Ode to the wooden boat

 

If it’s true that boats have souls then there’s a craft out there somewhere that’s bereft. For author Adrian Morgan, whose book The Trouble with Old Boats has just been published, writes like a lost soul looking for the perfect vessel. You get the feeling, reading his oddly-troubled prose, that he’s condemned like the Flying Dutchman to search forever.
The siren has already led him to shed his City flat and move to a Scottish croft close to a boat-building shed where he could learn the skills of the shipwright.

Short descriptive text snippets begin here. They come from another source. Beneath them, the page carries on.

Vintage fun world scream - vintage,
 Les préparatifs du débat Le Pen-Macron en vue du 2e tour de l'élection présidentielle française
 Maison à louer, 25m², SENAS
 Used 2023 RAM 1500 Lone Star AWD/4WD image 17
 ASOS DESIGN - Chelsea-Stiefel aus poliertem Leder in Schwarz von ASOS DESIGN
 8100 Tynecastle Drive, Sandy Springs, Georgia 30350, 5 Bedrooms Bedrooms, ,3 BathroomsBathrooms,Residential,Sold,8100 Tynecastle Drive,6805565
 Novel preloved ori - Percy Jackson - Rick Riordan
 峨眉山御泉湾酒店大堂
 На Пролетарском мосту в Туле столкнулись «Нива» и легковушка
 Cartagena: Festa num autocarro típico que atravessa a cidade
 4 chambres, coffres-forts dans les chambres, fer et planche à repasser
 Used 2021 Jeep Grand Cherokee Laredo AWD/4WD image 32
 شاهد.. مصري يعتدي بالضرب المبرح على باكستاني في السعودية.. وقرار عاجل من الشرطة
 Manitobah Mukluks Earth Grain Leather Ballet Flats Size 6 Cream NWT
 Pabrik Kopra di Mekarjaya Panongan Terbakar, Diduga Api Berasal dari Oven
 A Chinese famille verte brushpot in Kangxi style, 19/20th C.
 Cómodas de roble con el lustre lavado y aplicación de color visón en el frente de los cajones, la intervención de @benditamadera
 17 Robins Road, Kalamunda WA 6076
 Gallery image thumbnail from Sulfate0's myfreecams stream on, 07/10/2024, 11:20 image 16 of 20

Fortunately for the rest of us he hasn’t cut himself off entirely from his old job as a yachting hack – he used to be feature editor on Yachting Monthly – as he still shares his search with a growing army of fans in a superb column for the much-loved Classic Boat magazine.In case you missed any this book is a collection of the best. Unlike so many journalists who hope, in vain, that a collection of their columns will make them an author, this hangs together like a book proper.
In its pages you will discover that some timber from the J Class yacht Britannia, sacrilegiously scuttled to honour King George V’s last request, exists in a South Coast attic. In the age of ‘Kevlar ironing boards’ you will find men who can trim a dipping lugsail for close windward work. And how many times have you looked at a beautiful wooden dinghy at a Boat Show and said : ‘I could buy a second-hand GRP cruiser for that’. Well here Adrian explains why £8,500 ain’t a lot for a new dayboat.
And that goes someway to explaining Adrian’s lost soul: he can’t dis-invent fibreglass.
The Trouble with Old Boats, Adlard Coles Nautical £7.99.